5. The fresh water drain system is protected from excessive pressure by spring loaded relief valves. There is usually a relief valve in each machinery space served by this system.

6. The fresh water drain tank has two methods to monitor the tank level. A gage glass is used for local monitoring and a tank level indicating system is used for remote reading of the tank level. The remote reading is usually taken at the control station in the space.

E. Contamination-Sources of possible contamination include shore or sea water contaminants and solid particulate from piping systems.

1. Shore contamination generally comes from shore source FEEDWATER or steam. All ships must test this water and the drains from this steam prior to retaining them on board. Not all shore stations provide shore steam or water which is certified for retention. NSTM Chapter 220 Vol II contains specific testing criteria for the specific retention of shore source steam drains or water.

2. Sea water contamination usually comes from a component in the propulsion plant. The saltwater feed heater or air ejector condenser drains of the distilling plant are frequent causes of sea water contamination through tube leakage or brine carryover. Because of this, these drains are tested prior to aligning them to the condensate or fresh water drain system and monitored continuously. Any sea water heat exchanger possesses the potential to seriously contaminate the plant.

3. Solid particulate contamination generally comes from piping systems. As the material used in the piping system degrades over time, small rust or particulate can be deposited into the drains, contaminating them. Usually, flushing the system clears the problem. If not, the section of piping should be replaced. This problem manifests itself gradually and is detected by slightly higher test indications over time.

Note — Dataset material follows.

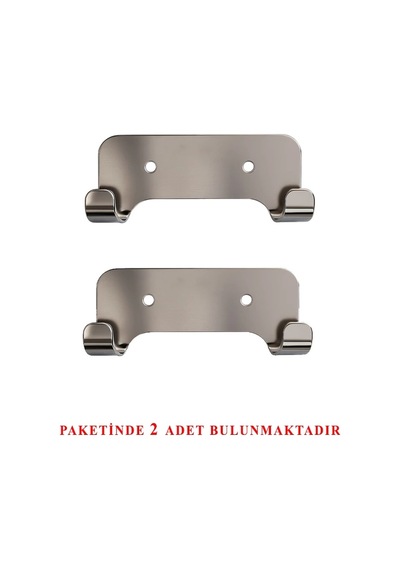 Askılık 2 Li Yapışkanlı Ve Vidalı 1,2mm Ss201 Paslanmaz Çelik Pakette 2 Adet Renk Krom Çok Renkli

4. Drain funnels and covers are used to protect the open drain systems from the entrance of stray contaminants. All funnels are required to be covered with a metal tabbed cover. These covers prevent sea water, lagging, paint chips, or rust from inadvertently contaminating the system.

5. Testing and isolation are vital to controlling contamination. It is very important to isolate any contamination as soon as it is suspected. Any contamination left unchecked or not minimized by isolation can cause a cascading effect. For example, since LP drains can be aligned to the fresh water drain collecting tank and be discharged to the condensate system, contamination of the LP drains can enter the condensate system. The condensate system discharges to the DFT, and becomes FEED WATER, for use in the boiler. If the contamination is left unchecked, all of these systems can be affected and troubleshooting the problem becomes more difficult. Strict testing in accordance with NSTM Chapter 220 Vol II is essential.

F. Safety

1. All steam drains are dangerous to personnel due to the temperature and pressures of the systems. Caution should be taken while operating these systems.

2. Because the F.W. Drain System is an open system (open to atmosphere), steam using this type of drain, presents a hazard to personnel (see Figure 5). A loud, verbal warning should always be given before using these drains (WATCH OUT FOR DRAINS!!).

3. Do not work on any system unless all associated equipment is secured, properly tagged out and verified. Securing drains to equipment in operation can drastically affect proper operation of the equipment.

4. Various drain systems have piping that is made of various materials. Ensure all materials are of the proper rating.

5. Test and take corrective actions on suspect drain systems in accordance with NSTM Chapter 220 Vol II.